A computer system may include a client and a server. The client and server may be generally remote from each other and usually interact through a communication network. The client-server relationship may be generated by computer programs running on corresponding computers and having a client-server relationship with each other. The server may be a cloud server, also known as a cloud computing server or a cloud host, which is a host product in the cloud computing service system to solve the defects of difficult management and weak business scalability in traditional physical hosts and VPS (Virtual Private Server) services. The server may also be a server of a distributed system, or a server combined with blockchain.

It should be understood that the various forms of processes shown above can be used to reorder, add, or delete steps. For example, the steps described in this disclosure may be executed in parallel, sequentially, or in different orders, as long as the desired results of the technical solutions disclosed in this disclosure can be achieved, and this document does not limit them here.

In addition, the terms “first” and “second” are used for descriptive purposes only, and cannot be understood as indicating or implying relative importance or implicitly indicating the number of technical features indicated. Thus, the features associated with “first” and “second” may explicitly or implicitly include at least one of the features. In the description of this disclosure, the meaning of “multiple” is two or more, unless otherwise clearly and specifically defined.

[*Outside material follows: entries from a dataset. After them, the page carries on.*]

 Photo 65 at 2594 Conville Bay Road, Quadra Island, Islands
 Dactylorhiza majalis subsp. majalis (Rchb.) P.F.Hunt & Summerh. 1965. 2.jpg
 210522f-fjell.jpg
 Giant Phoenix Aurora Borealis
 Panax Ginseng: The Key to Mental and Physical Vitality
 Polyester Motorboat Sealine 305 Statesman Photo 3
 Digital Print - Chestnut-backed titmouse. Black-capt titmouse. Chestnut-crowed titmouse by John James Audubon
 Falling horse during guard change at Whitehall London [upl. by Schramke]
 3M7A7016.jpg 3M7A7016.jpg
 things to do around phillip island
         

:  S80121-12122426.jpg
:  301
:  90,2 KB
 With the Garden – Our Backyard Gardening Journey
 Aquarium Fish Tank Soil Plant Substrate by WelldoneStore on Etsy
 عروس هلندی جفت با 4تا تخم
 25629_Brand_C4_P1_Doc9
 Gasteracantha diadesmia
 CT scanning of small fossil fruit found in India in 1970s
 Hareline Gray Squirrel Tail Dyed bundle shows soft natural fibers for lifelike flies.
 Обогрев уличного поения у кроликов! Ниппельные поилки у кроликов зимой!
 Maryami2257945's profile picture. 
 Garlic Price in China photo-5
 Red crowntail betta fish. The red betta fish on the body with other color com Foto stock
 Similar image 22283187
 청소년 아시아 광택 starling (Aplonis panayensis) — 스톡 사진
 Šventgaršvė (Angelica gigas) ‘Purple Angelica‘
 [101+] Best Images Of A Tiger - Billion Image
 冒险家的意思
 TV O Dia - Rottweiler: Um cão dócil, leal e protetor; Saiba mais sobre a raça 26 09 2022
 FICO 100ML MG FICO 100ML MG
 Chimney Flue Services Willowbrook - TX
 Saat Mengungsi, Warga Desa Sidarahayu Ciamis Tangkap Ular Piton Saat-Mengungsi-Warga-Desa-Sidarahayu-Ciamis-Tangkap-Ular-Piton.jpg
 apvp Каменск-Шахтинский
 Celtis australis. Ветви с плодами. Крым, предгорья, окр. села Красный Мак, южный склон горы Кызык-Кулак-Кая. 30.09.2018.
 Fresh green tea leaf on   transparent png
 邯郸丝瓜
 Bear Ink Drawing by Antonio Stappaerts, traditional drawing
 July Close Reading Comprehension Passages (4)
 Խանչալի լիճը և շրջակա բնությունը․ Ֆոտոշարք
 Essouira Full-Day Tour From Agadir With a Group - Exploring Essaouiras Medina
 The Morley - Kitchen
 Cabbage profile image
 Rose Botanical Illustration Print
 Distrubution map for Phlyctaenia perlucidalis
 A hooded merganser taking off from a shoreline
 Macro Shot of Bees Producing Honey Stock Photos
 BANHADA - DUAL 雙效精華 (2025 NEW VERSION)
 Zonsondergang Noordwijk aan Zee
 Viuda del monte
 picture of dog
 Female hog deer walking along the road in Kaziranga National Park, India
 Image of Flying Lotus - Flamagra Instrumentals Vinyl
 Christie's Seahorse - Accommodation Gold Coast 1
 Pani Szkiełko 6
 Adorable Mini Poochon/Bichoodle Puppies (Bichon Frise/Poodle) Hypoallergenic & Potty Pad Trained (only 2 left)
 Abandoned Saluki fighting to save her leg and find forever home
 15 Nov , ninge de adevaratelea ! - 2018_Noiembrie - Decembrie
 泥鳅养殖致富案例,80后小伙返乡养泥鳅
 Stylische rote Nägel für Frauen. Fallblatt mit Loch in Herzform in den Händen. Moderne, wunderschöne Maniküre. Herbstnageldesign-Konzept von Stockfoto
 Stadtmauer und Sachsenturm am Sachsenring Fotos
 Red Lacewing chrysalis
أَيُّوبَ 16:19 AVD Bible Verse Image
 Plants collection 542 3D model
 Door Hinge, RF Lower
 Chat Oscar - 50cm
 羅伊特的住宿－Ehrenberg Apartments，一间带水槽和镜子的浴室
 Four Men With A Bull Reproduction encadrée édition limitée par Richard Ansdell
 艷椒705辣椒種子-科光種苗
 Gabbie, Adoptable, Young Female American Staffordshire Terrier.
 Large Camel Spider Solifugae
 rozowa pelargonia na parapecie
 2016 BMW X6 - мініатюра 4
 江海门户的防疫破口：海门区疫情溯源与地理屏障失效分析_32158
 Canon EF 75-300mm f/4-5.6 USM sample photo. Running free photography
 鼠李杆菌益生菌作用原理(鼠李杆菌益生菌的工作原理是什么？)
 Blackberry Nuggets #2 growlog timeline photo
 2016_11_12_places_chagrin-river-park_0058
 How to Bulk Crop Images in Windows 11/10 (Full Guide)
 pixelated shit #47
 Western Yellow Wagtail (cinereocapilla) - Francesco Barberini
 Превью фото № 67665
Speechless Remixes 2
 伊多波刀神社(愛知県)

Various embodiments have been described to illustrate the operation principles and exemplary implementations. Those skilled in the art would understand that the present disclosure is not limited to the specific embodiments described herein and there can be various other changes, rearrangements, and substitutions. Thus, while the present disclosure has been described in detail with reference to the above described embodiments, the present disclosure is not limited to the above described embodiments, but may be embodied in other equivalent forms without departing from the spirit and scope of the present disclosure.